WILMINGTON — Audience members attending the 31st annual Westheimer Peace Symposium Oct. 5 — either in-person or virtually — will have an opportunity to take a deep dive into the relationship between nonviolence and social justice.
This year’s program is titled “Build a Just World: A Toolbox for Nonviolent Social Change.”
One of Wilmington College’s signature events, the symposium will feature a day-long interchange between George Lakey, a pioneering Quaker sociologist and peace activist, and Amaha Sellassie, a Dayton-area sociologist and social justice activist. They will present the day’s sessions, both individually and collectively.
The in-person program will be held under a tent on Collett Mall in the interior of the campus. Audience members are required to where facial coverings and physical distance in this venue. Registration for both in-person and Zoom attendance is available at https://libguides.wilmington.edu/westheimer2021/justworld .
Lakey will give the initial presentation at 9:40 a.m. titled “What Is Nonviolence and Why Does It Matter?”
He will address the meaning of nonviolence and the relationship between peace and nonviolence. Sellassie will follow with an 11:20 a.m. lecture on “What Is Social Justice and Why Does It Matter?” He will address the meaning of social justice and its relationship to peace.
Lakey and Sellassie will team at 2:40 p.m., for an interactive dialogue, “How Do We Create Just Communities?” in which they will discuss the specific knowledge, skills and tools needed to accomplish this lofty goal.
The audience will have an opportunity to reflect upon nonviolence and social justice through music and poetry at 4:30 when poet/professor Furaha Henry-Jones and the band, Speaking of Peace, will ask their listeners to consider how music and poetry can be tools of just, nonviolent social change.
Lakey and Sellassie will again co-present in an interactive dialogue highlighting “A Toolbox for Nonviolent Social Change: Wilmington and Beyond at 6 p.m. They will build upon their previous discussions by detailing specific knowledge, skills and tools needed to build just communities — starting with the Wilmington community.
The symposium will culminate with an in-person only event featuring an outdoor concert by folk musicians Zak Wilkerson, from 8 to 8:30 p.m.; Possessed by Paul James, from 8:30 to 9:30 p.m.; and the bluegrass-inspired, Ohio River Valley string band troubadours The Tillers, from 9:30 to 10:30 p.m.
As with the day’s programs under the tent, masking and physical distancing are required at the concert.
In the event of inclement weather, provisions will be made for appropriate program venues.
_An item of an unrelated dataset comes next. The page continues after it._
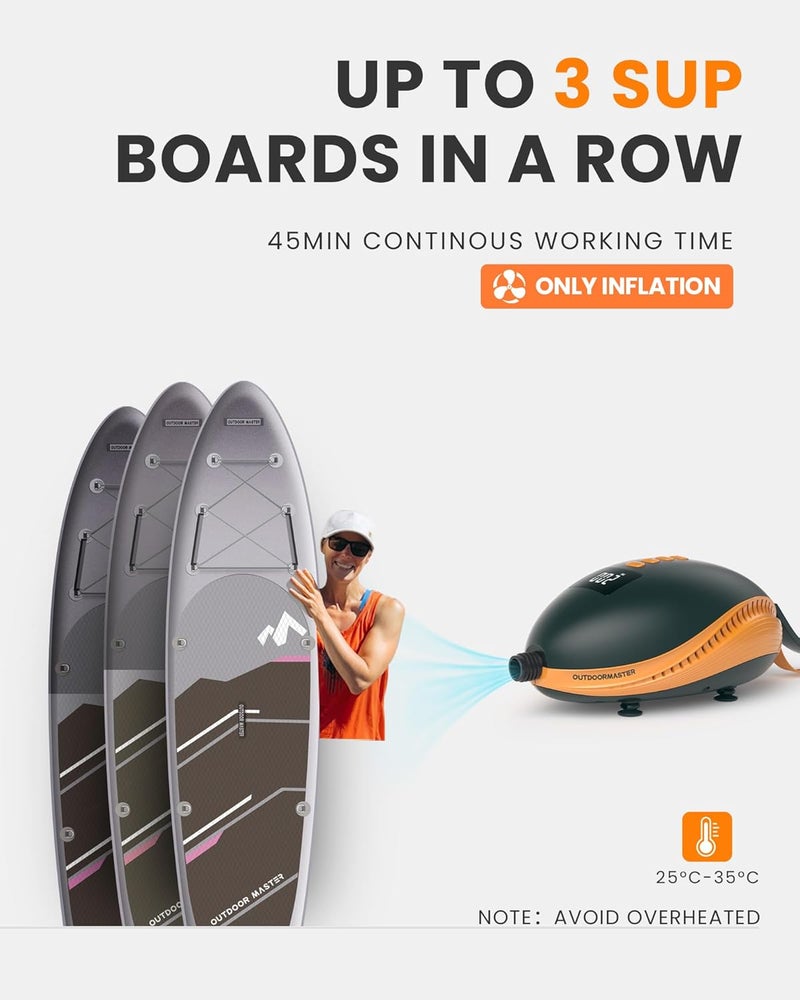 OutdoorMaster 20PSI High Pressure Paddle Board Pump Electric Dolphin -Quick Portable SUP Air Pump,Auto-Off &12V DC Car Connector Electric Pump for Inflatable Stand up Paddle Boards,Boats,Inflators - Image 3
Complementing the symposium, the Meriam R. Hare Quaker Heritage Center at WC will present a gallery exhibit highlighting the life testimony to nonviolence, peace and social justice embodied by the late Professor Emeritus Larry Gara. The exhibit is open weekdays from 10 a.m. to 4 p.m.
The Westheimer Peace Symposium, established in 1991 by a generous endowment from Charles and May Westheimer. is an annual event with four rotating themes: Peace and Nonviolence; Peace and Social Justice; Peace and the Environment, and Peace and the Nature of War.
As a result, it is a key reflection of Wilmington College’s Quaker heritage and its core values of peace, social justice, respect for all persons, and integrity.